One reason this isn’t happening is because the media don’t treat Republicans as if they are discredited. On the contrary, they often seem to be treated as if they have more credibility than the administration. Just look at the silly issue of death panels. The media should have laughed it out the window, ridiculed it or at least ignored it once it was determined that there was no basis to the charge. Instead, those making the most outlandish charges are treated with deference and respect, while those that actually have credibility on the subject are treated as equals at best and often with deep skepticism, as if they are the ones with an ax to grind.
I am truly baffled by this situation, as I’m sure you are.
As regular readers may imagine, I find this overwhelmingly persuasive. Bush/Cheney policies failed so spectacularly, Republican candidates and officeholders are generally reluctant to associate themselves with the tarnished name of the previous administration. But Bush/Cheney policies are still those of the contemporary Republican Party. Nothing has changed. Failure and defeat haven’t chastened the GOP at all, and if given a chance to govern again, Republican leaders are quite anxious to return to the exact same agenda they embraced when they were in the majority.
And the political mainstream seems to think this is sane.
The same Republicans -- literally, the self-same individual people -- who were astonishingly wrong about pretty much every area of public policy in recent years, are the same Republicans who feel confident that they’re still credible, knowledgeable, and correct. Not because they’ve changed their larger agenda or worldview, but because a brief period of time has elapsed.
They feel justified proposing a five-year spending freeze in response to the economic crisis. They feel comfortable pretending to care about the “death panels” policy they already endorsed, promoted, and voted for.

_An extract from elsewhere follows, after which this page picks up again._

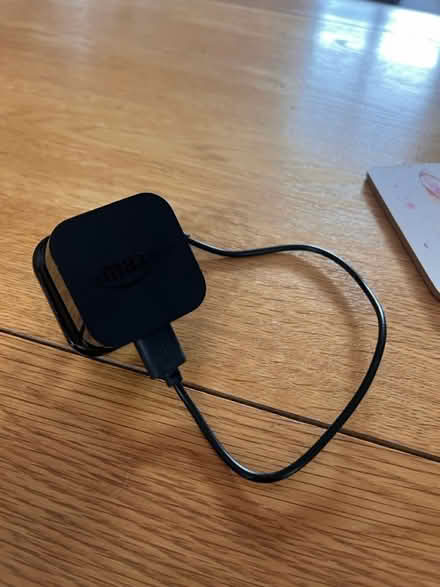 Photo of free Old Working Amazon Fire (IP4 Woodbridge Road) #3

They have no qualms making bitter complaints about deficits and debts after having spent most of the decade increasing the size of government, increasing federal spending, and creating of some of the largest deficits in American history.

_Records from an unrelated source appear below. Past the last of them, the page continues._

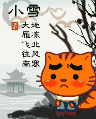 72_avatar_middle.jpg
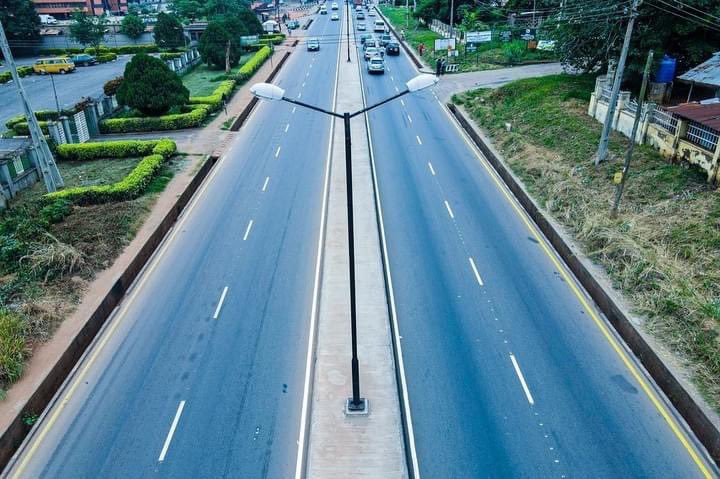 Alhaji Tao Of Iperu💡🦅🖤🇳🇬 tweet media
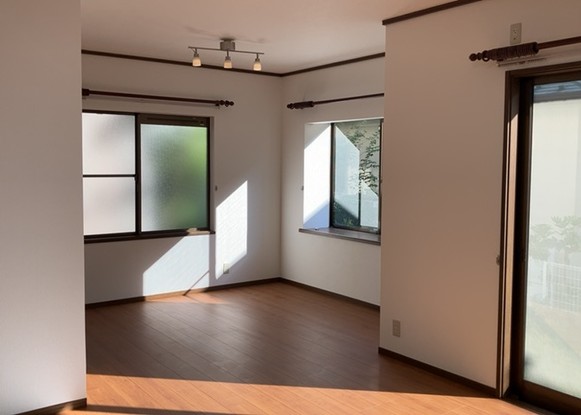 detached 神奈川県相模原市中央区相模原４丁目6番16号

We’re not supposed to point and laugh at their humiliating ideas and attacks -- we’re supposed to negotiate with them.
What’s more, rejected in large numbers by voters nine months ago, and after spending the last seven months acting like confused children, these same Republicans now insist what they really deserve is to be back in the majority again. Seriously.
I suppose the word that keeps coming to mind is “consequences.” The Republican Party of the Bush era failed in ways few have even tried, burdening the nation with challenges and crises that are difficult to address and painful to even think about. They believe, however, there should be no consequences for this. There’s no need, they say, to alter their political beliefs at all. Indeed, they see their main goal as the loyal opposition to undermine efforts to clean up the mess they left. They’re the arsonists hoping to convince the public not to have confidence in the fire department.
No penance, no consequences, no self-reflection -- only the expectation that they be treated as a serious group with a credible agenda.
It’s probably one of the most frustrating aspects of the larger political discourse. Individual issues aside, there’s a temptation to turn to Boehner, Cantor, McConnell, et al, and say, “We’re still waiting for that apology.”
Yep, just like I’m still waiting for that apology from Mark for smearing Nancy Pelosi and Steny Hoyer.